Mundane actions, such as being a participant of a foreign funded pension plan, can indeed create greater confusions for US alien residents residing abroad. Indeed, dealing with US tax complications is dreadful and tedious. Thus, it is important for US expats to be really well informed about the tax filing process, its requirements, and due dates. At the same time, it is equally important for them to beware of the tax traps due to which they can lose huge sums of money in the form of penalties, interest, etc.
US Expats must definitely look at the various considerations well in advance of the due date. This helps in making sure they can file their tax returns without facing any complications.

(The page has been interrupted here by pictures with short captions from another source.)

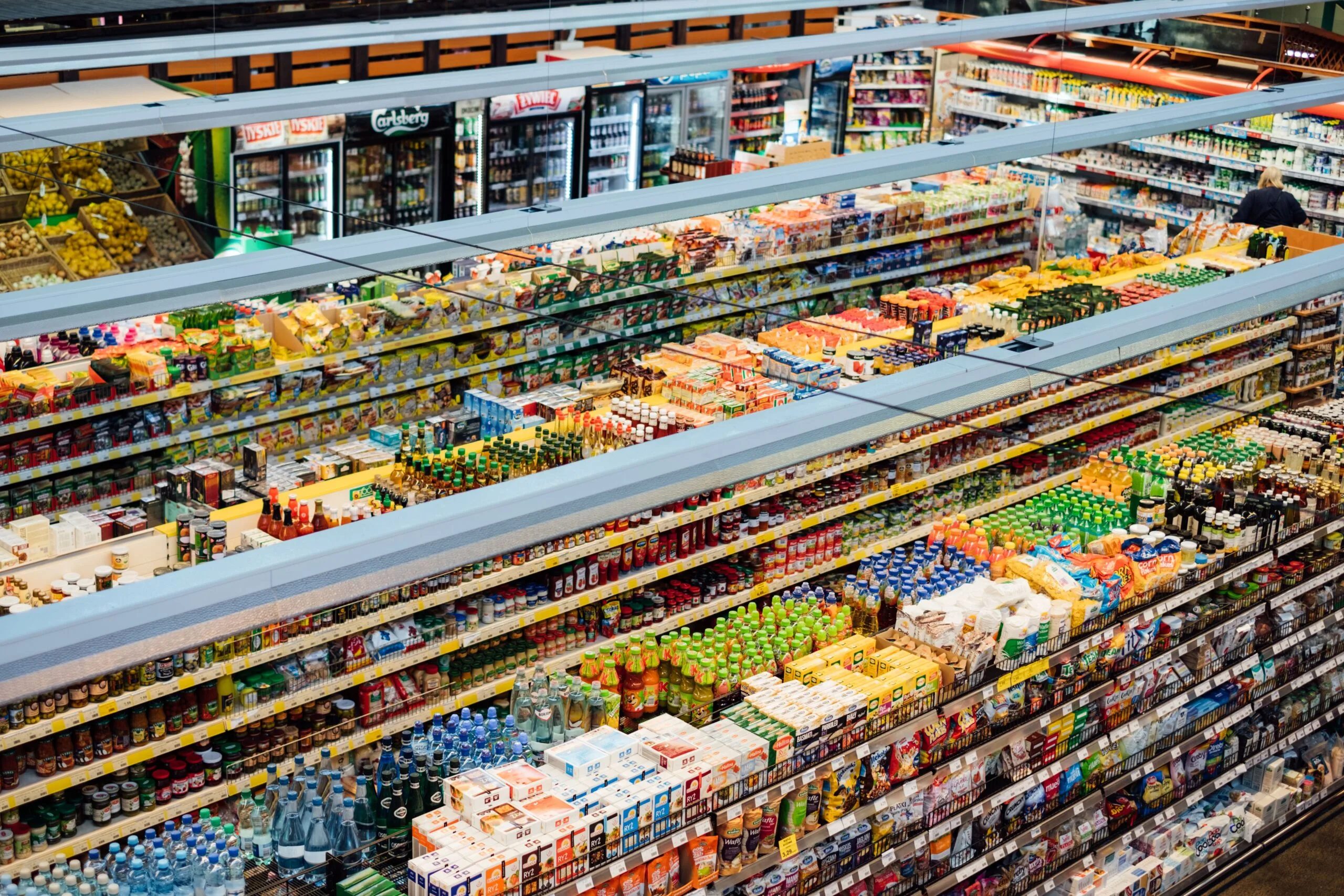Pasillo de supermercado visto desde arriba, con los lineales llenos de productos envasados
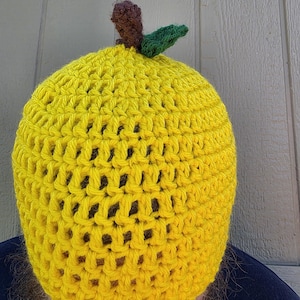 May include: A bright yellow crocheted beanie hat featuring a textured, open-stitch pattern. The top of the hat is adorned with a small, brown crocheted stem and a single, textured green leaf, mimicking the appearance of a piece of fruit.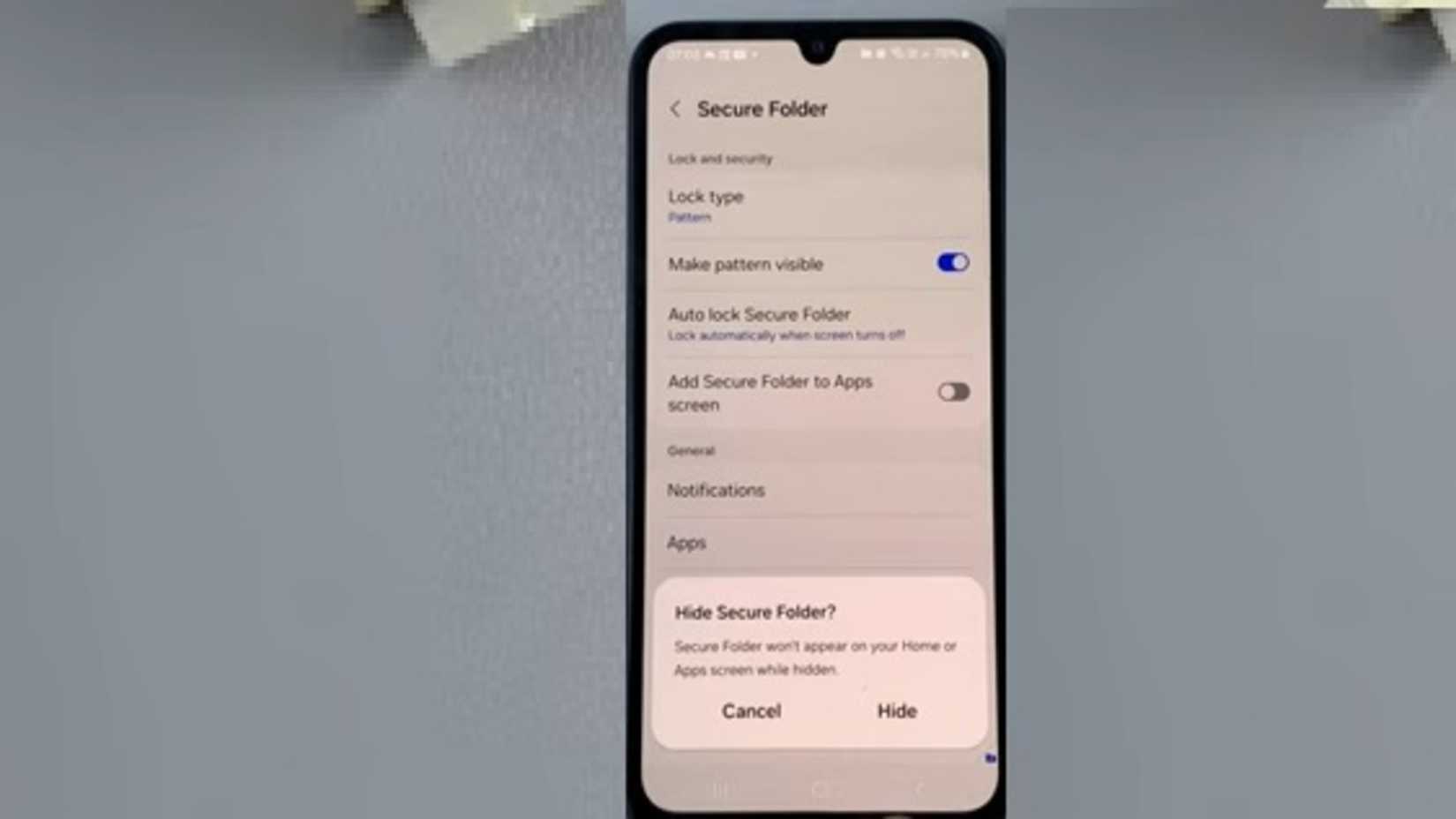 A phone containing the Hiding Secure Folder on Samsung prompt while laying on a table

Not all US Expats abroad have to file tax the same way. There are different requirements laid down for Expats in difference countries. Thus, resident aliens must try to find out if their host country essentially has a tax treaty or a convention with the US. Such treaties usually have a huge hand in dictating the terms of tax filing, and in some cases, may also help in saving tax.
Foreign Income Earned
A substantial amount of income you earn in a foreign country can actually be exempted, or deducted from US taxes. Hence, it would be wise to check up on the exclusions you can benefit from for your foreign earned income.
Foreign Bank Account Holdings
Foreign Bank Account holdings, whether in the form of a bank account, brokerage account, mutual fund trust, pension plan, or insurance plan, all have to be reported to the FBAR if their combined value exceeds $10,000 at any point in time during the year. It doesn’t matter if these accounts don’t produce any taxable income; if they exceed the threshold, they have to be reported to the US Treasury Department.
Rental earnings and dividends/interest from US assets
US Expats may additionally be earning money from various sources in the US, such as rental income, dividends, and interest returns on investments. These will be taxed the same way they would have been taxed if the US Expat had been in the US.
The state you belong to
Your taxes will be filed according to the laws of the state that you lived in. You are obliged to pay a state tax return to your state. However, different states have different rules regarding tax filings. Not all the states allow exclusion on foreign earned income on your taxable income.